Documentarian Michael Moore Encourages Student Filmmakers to Put Art Before Politics
Filmmaker and documentarian Michael Moore is quick to expound on the merits of not being nice. In a discussion with Cinema Art + Science Professor Dan Rybicky for aspiring student filmmakers at Columbia College Chicago on Oct. 22, Moore recounted stories from his years of divisive filmmaking—including the time he showed up unannounced at actor and NRA president Charlton Heston's Hollywood home to request an interview for 2002 gun control documentary Bowling for Columbine.
"You have a right to ask any goddamn question you want—and you have the right to show people that," said Moore.
Part of the Chicago International Film Festival, the conversation at the college’s Film Row Cinema touched on the ethics of documentary filmmaking—and the benefits of interviews that clash with your own opinions. As a filmmaker, Moore’s controversial reputation builds on politically-charged documentaries like Roger and Me and Fahrenheit 9/11. He urged students to set out to make good movies—not just good documentaries.
“This may seem weird from me, but I mean this: You have to put the art before the politics,” he said.

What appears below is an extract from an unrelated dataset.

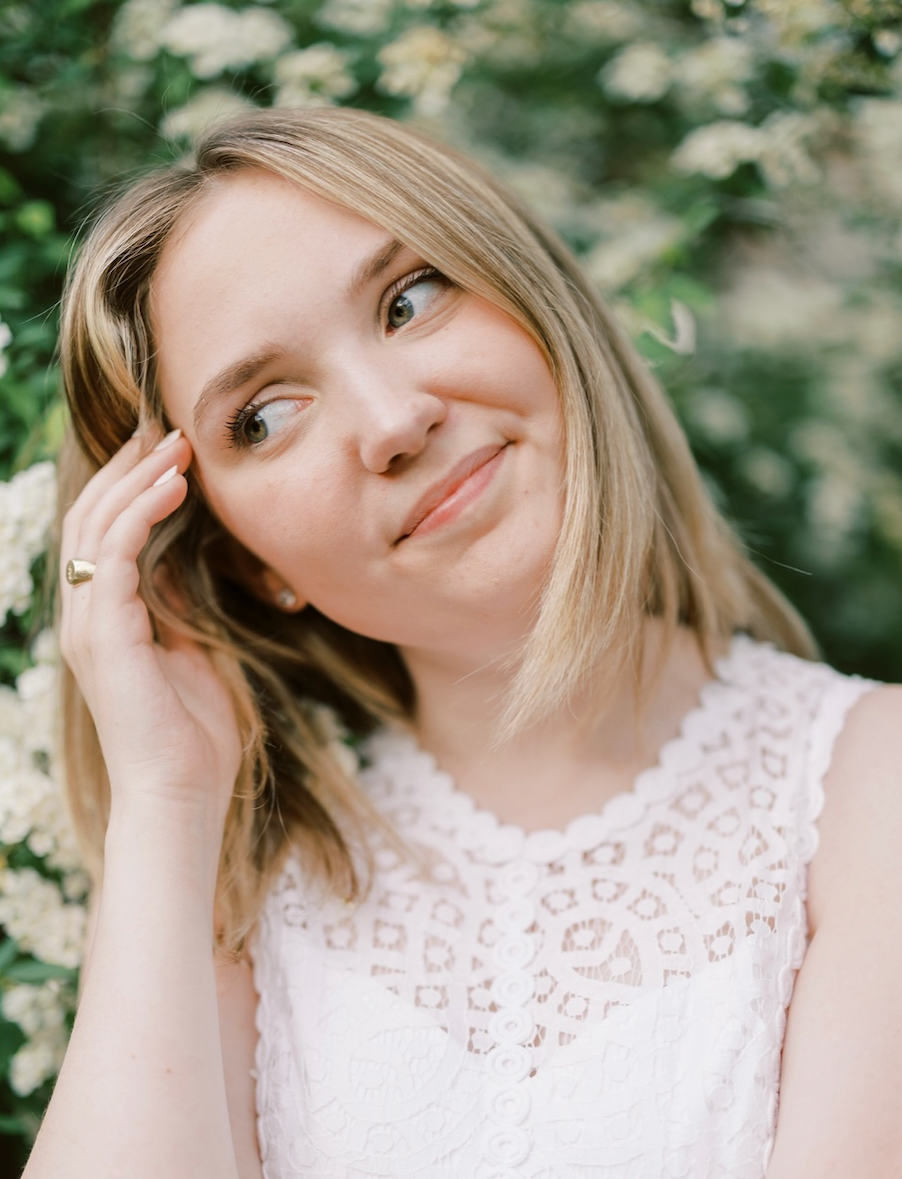 A young woman with blonde hair touching her head, smiling gently, in front of green foliage and white flowers, wearing a white lace top.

Moore engaged with aspiring filmmakers during a rapid-fire Q&A session, with topics ranging from the ideal maximum film length (90 minutes) to his favorite movie of the last decade (The LEGO Movie). He also discussed his nonprofit State Theatre in Traverse City, Mich., a one-screen movie theater dedicated to building the ideal experiences for filmmakers and filmgoers.
He applauded the diversity of the Columbia College crowd, talking about the importance of a variety of voices in film. He advised students to always keep the story of a film in mind, instead of aiming to inspire or preach: “Make a movie that you’re going to enjoy, and trust that people are going to enjoy it.”